Thursday, October 29, 2009

Reliability and scalability in P2P-SIP

In this article I list the important definitions that contribute to reliability and scalability of distributed systems, especially P2P-SIP. Scalability is defined as the ease with which a system can handle growth of demand (load, users, requests, etc.), and reliability is defined as the ease with which a system handles failure or loss (fault tolerant, availability).

Stateless: The amount of state stored in each networked component limits the scalability (as well as robustness). A truly stateless protocol or service does not need to store any state in the system. At the application level, a session oriented protocol such as RTSP or RTMP is stateful, whereas HTTP is stateless which can be made stateful using session cookies. At the transport level, TCP is stateful whereas UDP is stateless. SIP networked components come in several flavors: stateless, transaction stateful and session stateful. A stateful component has limited scalability not because of storage requirement of the state, but due to matching of a new request against the existing states -- this requires exclusive or read-write-locked access to shared resources and hence is slow. On the other hand a stateless request has all the information that is needed for handling that request. Secondly, a stateful component has limited reliability because if the component fails the state is lost and must be re-established, e.g., using new SIP transaction or new HTTP authentication. If you must use stateful component, then some form of distributed or replicated shared state is desirable.

Partitioning: Data or service partitioning among multiple machines helps in reducing load on each machine. A naive approach of using a hash function 'H(data.key) mod N' works for distributing data based on the lookup key among N identical and robust servers. However, the hashing algorithm remaps majority of the data if N changes -- new server is added or old one fails. On the other hand, consistent hashing using a large hash space, e.g., MD5, maps both data using H(data.key) and machines using id=H(machine.name) in the same identifier space. A machine can then store the data whose keys are close to its own id. This principle is used in several structured P2P algorithms such as Chord, Pastry, CAN, and works especially well with large number of machines with significant amount of churn. Partitioning can be applied to services as well. Partitioning improves system scalability, but comes with an overhead of maintaining the correct partition when machines come and go.

Replication: Replication of data improves its reliability (also known as availability) as well as scalability to some extent. In a simple master-slave replication of data, write is done to the master which replicates the command to the slave, and read can be done from either master or slave servers. With higher failure probability, such as in P2P, you need more number of replicas. With N replica of some data, you can still get the data if N-1 machines holding the replica fail. Replication interacts with partitioning -- you want to keep access to the replica almost as fast as the original data. Typically a machine can replicate the data to its N (typically small, 2-8) neighbors and when the machine fails, the next data query automatically gets to its ex-neighbors. Note that another approach where a different hashing function, e.g., H(i+data.key), is used to store the i'th replica does not work well, because replication comes with an overhead of having the machines to keep the replicas up-to-date.

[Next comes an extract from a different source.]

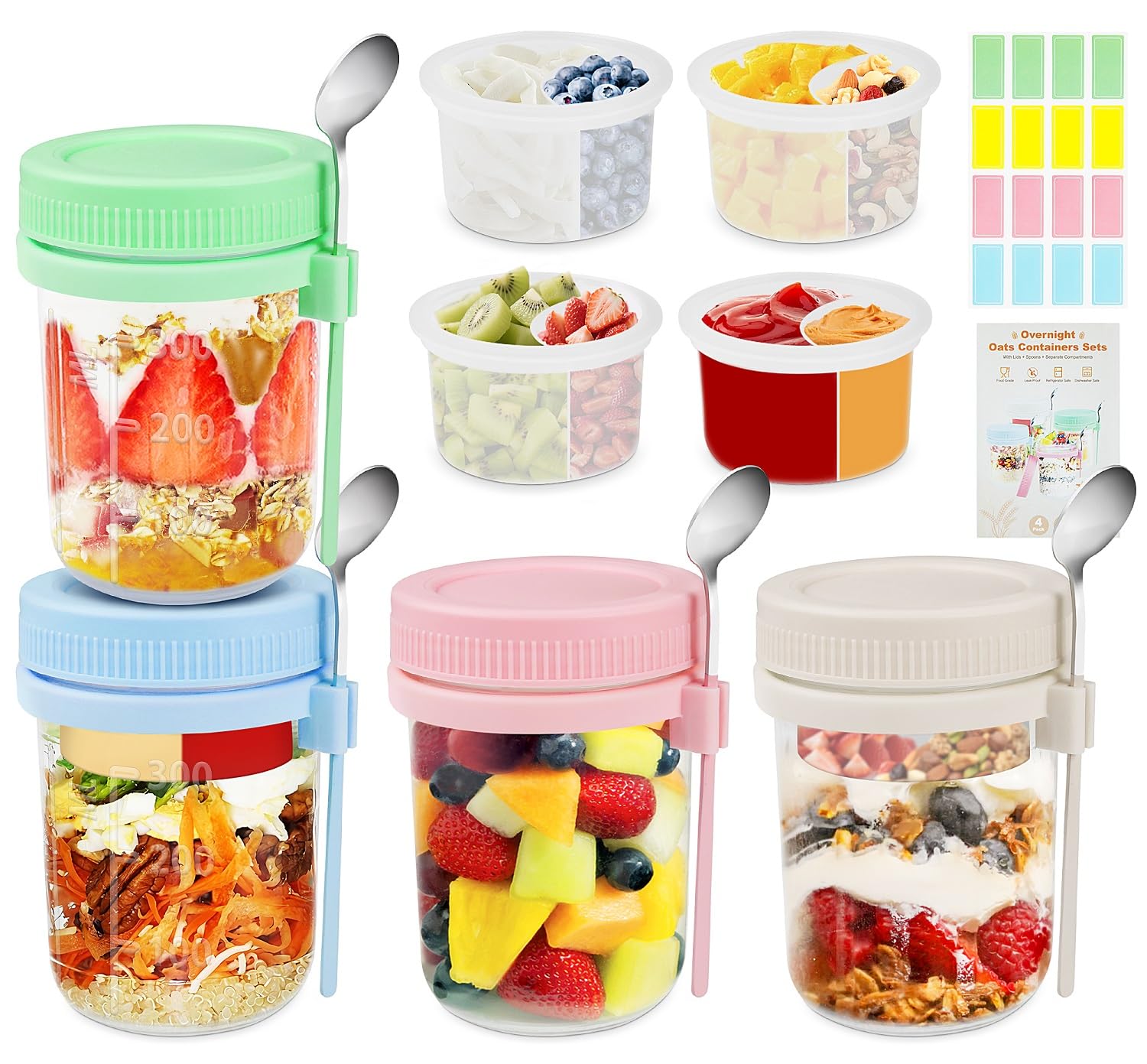 Torchero 4 Pack 16 oz Glass Mason Jars with Separate Compartments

Redundancy: Replication is an example of redundancy of data. Redundancy can be applied to servers and services as well. A stateless protocol or service helps in easily deploying redundant server nodes. Data redundancy goes beyond simple replication of data object to N places. Suppose a large file is split into M chunks such that only N chunks are needed to reconstruct the original file, N<=M. Assuming that many data sources are fast, this approach not only improves reliability but also performance in terms of how quickly you can download the file. Such techniques are used in P2P file sharing applications, and can be applied to P2P-SIP as well, e.g., for storing video mails or live streaming. Redundancy improves reliability as well as scalability of the system.

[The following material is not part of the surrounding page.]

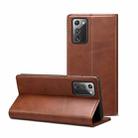 For Samsung Galaxy Note20 Calf Texture Horizontal Flip Leather Phone Case(Brown) - 1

Load sharing: Load sharing is one type of redundancy where the load of the system is shared among N redundant machines. Although not required, load sharing typically works in conjunction with partitioning, e.g., in two-stage SIP server farm where the first stage servers forward the requests to the second stage server clusters based on H(data.key). As with redundancy, a stateless protocol or service can be easily shared whereas a stateful system requires more work. P2P systems are inherently load shared among the participating peers. Load sharing improves system scalability.

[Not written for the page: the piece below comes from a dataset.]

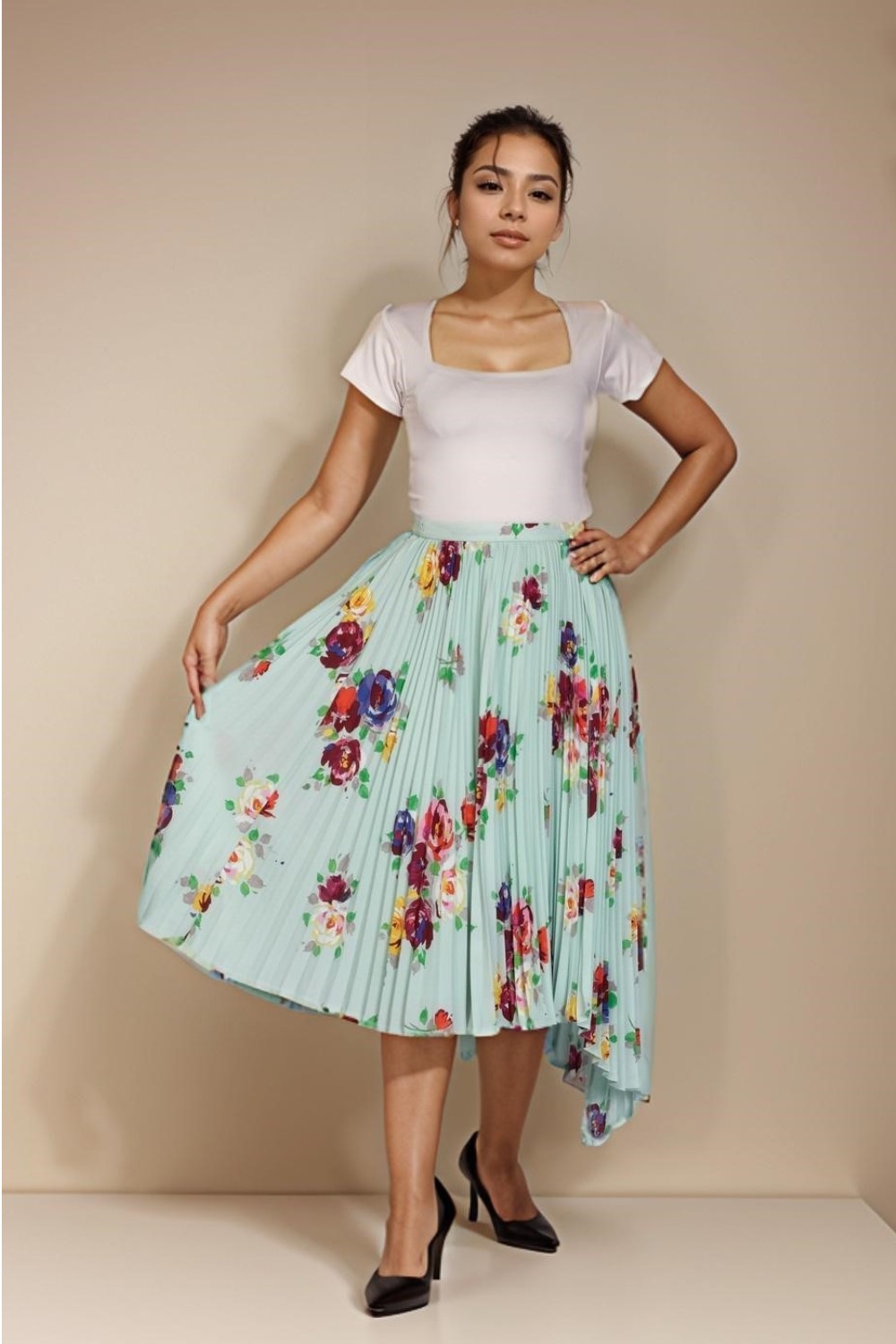 Soft Jad Rare Roses Pleated Skirt Asymmetric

Iterative vs recursive: Iterative request routing is one where a client sends a request to one destination, receives a response that redirects it to second destination, and so on. Recursive request routing is one where a client sends a request to one node, which sends request to another node, and so on. Iterative vs recursive is also called as redirect vs proxy. Clearly, iterative poses less load on the networked element but more on client, whereas recursive is opposite of that. If scalability of networked element is desired then iterative should be preferred. However, NATs and firewalls make iterative request processing difficult on the Internet. Secondly, the topology, bandwidth and connections among the networked elements sometimes make recursive routing faster and more efficient in practice than iterative. The decision to go iterative vs recursive affects the number of message that needs to be handled as well as the state carried in the message or stored in the networked element. It is easier to incorporate redundancy in iterative mode, since only the client needs to re-try to redundant destinations.

Keep-alive: Network protocols usually have periodic keep-alive messages to ensure connectivity or to detect failures. Stateful Transport protocol such as TCP has built-in keep-alive mechanisms that can be activated using socket API. Application protocols employ some kind of application level keep-alive, e.g., XMPP has an extension to do ping, SIP has session timers. These not only detect failure due to network but also due to server software crash. The keep-alive messages help in improving the reliability of the system by quickly detecting complete or partial failures. Keep-alives are especially important in P2P network because of the large number of network paths that can fail.

Exponential back-off: After a failure has been detected, a reconnection or resend is attempted. The time for such attempts needs to be backed-off exponentially -- if the failure happens at time 0, then send first attempt at t, say t=0.5s, and subsequent ones at 2*t, 4*t, 8*t, and so on, until it reaches a cut-off, say 5 min. After that keep attempting periodically, say, every 5 min. If the failure is transient or one time, then this mechanism quickly reconnects. On the other hand, if the failure is longer term, then it reduces the load and bandwidth for reconnection attempts. SIP uses exponential back-off when sending subsequent requests in the event of failure.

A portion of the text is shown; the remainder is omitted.